A polícia espancou Kamarin, Popova e seu colega de apartamento e estuprou o poeta, disseram sua esposa e seu advogado. Todos os três apresentaram queixa formal às autoridades e as alegações foram eventualmente investigadas. As autoridades concluíram que a polícia agiu “dentro da lei”, informou o meio de comunicação russo Sota, citando o advogado sem fornecer mais detalhes.
Para o casal, a experiência foi tão traumática que “ainda não conseguem falar abertamente um com o outro” sobre o que aconteceu, disse Popova em entrevista à Associated Press.
Além de Kamarin, a polícia prendeu outros dois poetas que não o conheciam, nem um ao outro. Acusaram os três de fazerem apelos que minavam a segurança nacional e incitavam ao ódio. Todos os três foram condenados e sentenciados a penas de prisão.
Kamarin foi o mais longo: sete anos.
“Ninguém deveria ser preso por palavras, por poesia”, disse Popova. Ela disse acreditar que o poema de seu marido “insultou tanto alguém que eles decidiram açoitar um poeta desafiador”.
O casal se casou enquanto Kamarin estava em prisão preventiva.
TRATAMENTO INVOLUNTÁRIO EM HOSPITAL PSIQUIÁTRICO PARA CRÍTICAS DE GUERRA
Ao contrário de dezenas de outros russos condenados por se manifestarem contra a guerra na Ucrânia e terem sido condenados à prisão, Viktoria Petrova, residente em São Petersburgo, está a passar seus dias numa clínica psiquiátrica. Em dezembro, ela foi condenada a seis meses de tratamento involuntário por causa de uma postagem nas redes sociais condenando a invasão da Ucrânia pela Rússia.
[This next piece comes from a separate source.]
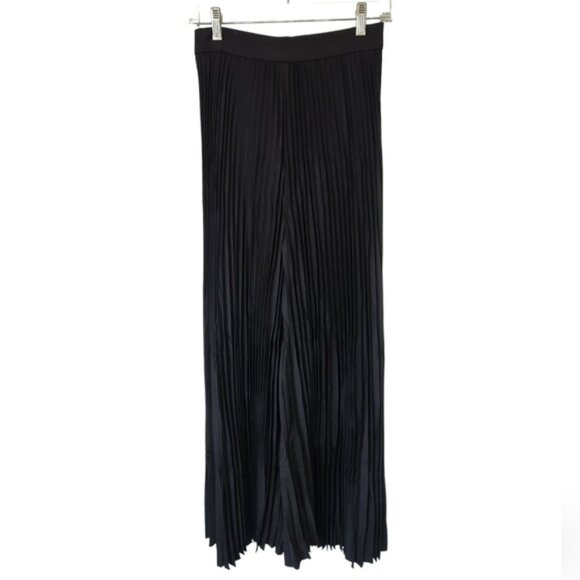 Claude Pleated Palazzo Pants Small Black High Waist Wide Leg New with Tags - Picture 2 of 9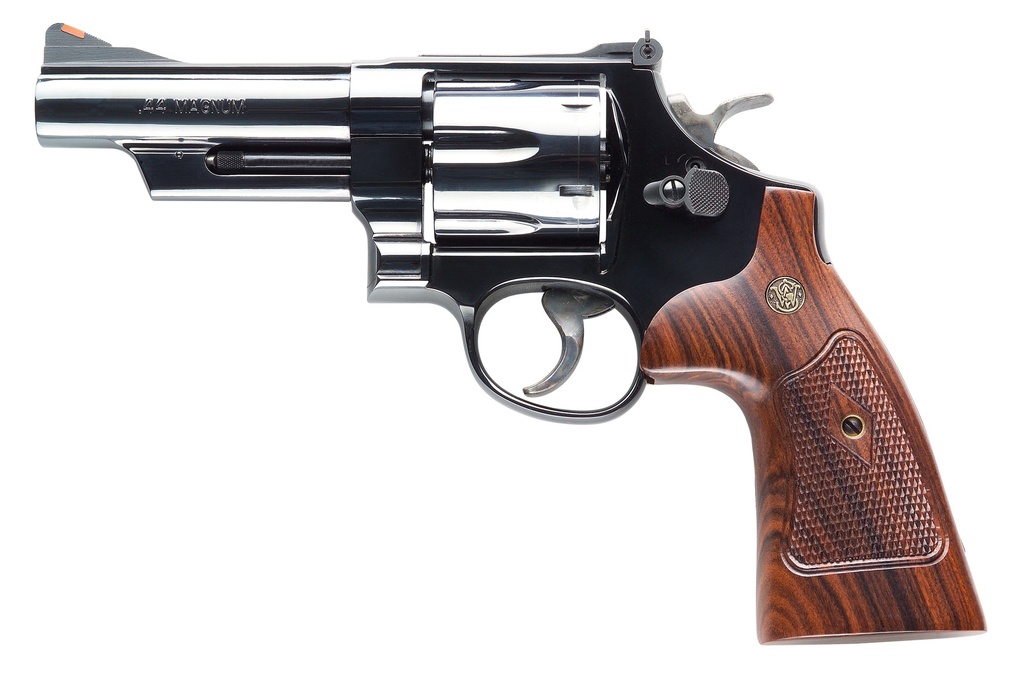 SMITH & WESSON 150254 MODEL 29 CLASSIC 44 REM MAG OR 44 S&W SPL BLUED CARBON STEEL 4" BARREL, 6RD  CYLINDER & N-FRAME, CHECKERED SQUARE BUTT WALNUT GRIP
Seu advogado disse que os médicos podem mantê-la lá pelo tempo que quiserem e estender o prazo indefinidamente quando os seis meses acabarem. Portanto, a decisão “não pode ser considerada uma boa notícia”, escreveu Anastasia Pilipenko em seu blog no aplicativo de mensagens Telegram.
Petrova foi presa em maio de 2022 e colocada em prisão preventiva por causa de uma postagem na rede social russa VK, na qual criticava as autoridades russas pelo que o Kremlin insiste em chamar de “uma operação militar especial” na Ucrânia, disse a advogada ao site de notícias independente russo Mediazona.
Em seu blog no Telegram, Pilipenko descreveu Petrova, 30, como “uma garota comum” que “apenas compartilhou seus pensamentos nas redes sociais”.
“Vida comum, academia comum, um gato. Trabalho comum em um escritório comum”, escreveu o advogado.
O tribunal ordenou uma avaliação psiquiátrica de Petrova depois de outros reclusos do seu centro de detenção provisória terem relatado que ela mantinha a sua “propaganda anti-guerra”, disse Pilipenko numa entrevista a um meio de comunicação local. Essas avaliações são comuns, mas raramente Petrova foi declarada mentalmente incompetente.
A advogada argumentou que não era verdade e que as palavras do seu cliente foram mal interpretadas, mas sem sucesso – Petrova foi internada num centro psiquiátrico.
Em Novembro, Pilipenko denunciou abusos cometidos por funcionários do estabelecimento, dizendo que estes forçaram uma revista à mulher por parte de trabalhadores do sexo masculino, empurraram-na, amarraram-na à cama do hospital e injectaram-lhe medicamentos que a deixaram incapaz de falar durante dois dias.
“Isso não deveria acontecer com ‘prisioneiros políticos’, criminosos, pessoas com doenças mentais, pessoas saudáveis – ninguém”, escreveu Pilipenko no Telegram. A instalação não comentou as acusações, mas logo depois que ela falou sobre isso, escreveu a Pilipenko, o abuso parou.